El sector de la telefonía móvil Parece estar cerrando uno de sus capítulos más atractivos y potentes. Durante años, los Smartphones diseñados exclusivamente para jugar.con todas esas luces LED, gatillos físicos y sistemas de refrigeración imposibles, llegaban al mercado por doquier, pero eso eran otros tiempos.
Móviles como el POCO X4 GTlos famosos tiburón negro y otros muchos parecen haber quedado en el olvido, dejando el concepto de «juegos móviles» en cuidados paliativos. Y la última prueba de este cambio de tendencia nos lo ha dado el cambio de rumbo en las oficinas de ASUS.
ASUS, con su línea Teléfono ROGha liderado este mercado con una superioridad técnica indiscutible. Eran los mejores, sin paliativos. No obstante, los movimientos estratégicos de la compañía, que han abandonado el mercado de telefonía móvil, sugieren un alejamiento progresivo de este segmento para centrar recursos en líneas más convencionales o rentables.
Y cuando el referente absoluto del sector decide dar un paso atrás, el mensaje para el resto de la industria es claro: los Los juegos móviles ya no te interesan. ¿Por qué?
Un mercado que se queda sin jugadores.
El panorama actual es desolador para los entusiastas de este tipo de telefonos.
Si miramos a nuestro alrededor, marcas que antes eran fundamentales como Black Shark han desaparecido prácticamente del mapa mediático.
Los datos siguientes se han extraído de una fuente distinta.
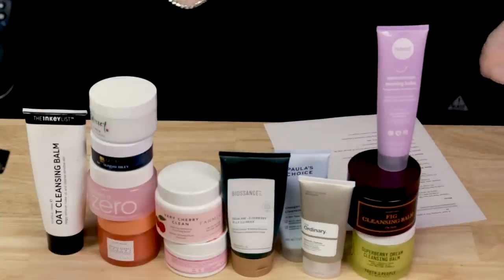A couple that are good but expensive — the Then I Met You Living Cleansing Balm. It does a good job, really does a nice job removing makeup, sunscreen, things like that. There's a little bit of fragrance in it, but it's very expensive.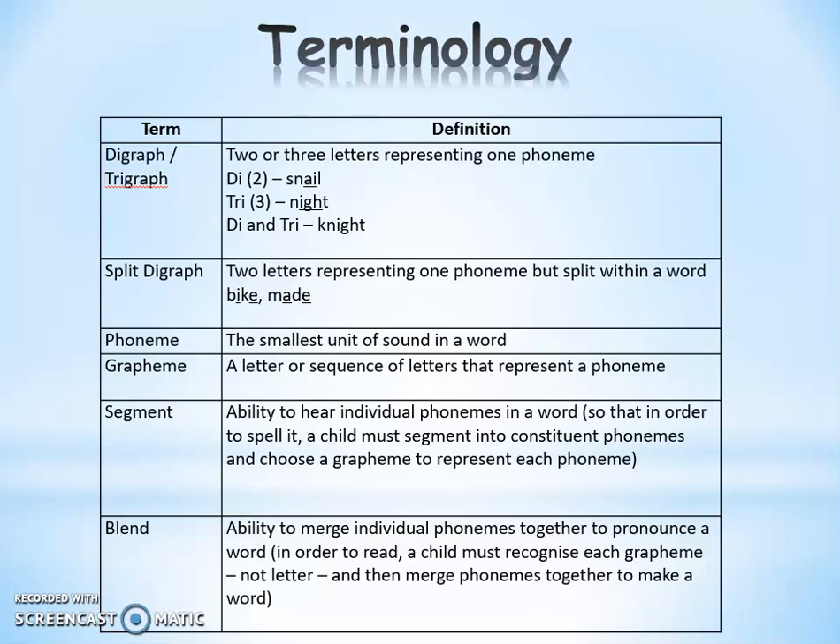On the screen we have the words on the left-hand side and the definitions on the right. When the children talk about digraphs and trigraphs, this is where we have two or three letters that represent one sound. For example, in the word 'snail', the A and the I are a digraph that makes the sound 'A'. And in the word 'night', the I, G, H go together to make the sound 'I'.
Lo que nació como una apuesta ambiciosa respaldada por grandes ecosistemas se ha diluido en el silencio absoluto. Ya no hay presentaciones globales ni filtraciones que generen expectación. La marca simplemente ha dejado de ser relevante.
En este escenario, Nubia se mantiene como el último bastión con sus dispositivos magia roja. Es la única firma que parece dispuesta a seguir integrando ventiladores físicos y diseños agresivos. Pero ser el único en una fiesta no siempre es señal de éxito, sino de resistencia en un nicho que se estrecha cada vez más.
El problema no es que los usuarios hayan dejado de jugar, sino que la necesidad de un hardware dedicado ha sido absorbido por la gama alta tradicional.
La potencia llegó a los móviles generalistas.
La muerte de estos terminales se explica por la evolución de los procesadores estándar.
Hace cinco años, un juegos móviles ofrecía una diferencia de rendimiento abismal. Hoy, cualquier buque insignia de Samsung, Apple o Xiaomi monta chips con una capacidad gráfica tan soberbia que la distinción se ha borrado.

El usuario prefiere un teléfono con una cámara excelente y un diseño elegante que pueda mover cualquier juego exigente.antes que un ladrillo pesado con luces de colores que flaquea en el apartado fotográfico. Además, los gatillos no son necesarios si usamos un mando bluetooth o un gamepad acoplado al terminal.
Al final, el centrado tanto en el rendimiento bruto, hizo que los fabricantes de teléfonos olvidaran que el comprador de gama alta busca un equilibrio que los móviles enfocados solo al juego rara vez pueden ofrecer. Con la retirada tactica de ASUS y el olvido de tiburón negroestamos asistiendo al funeral de una categoría que, aunque emocionante, ya no encuentra su sitio en una época donde, el que quiere jugar, tiene mejores opciones.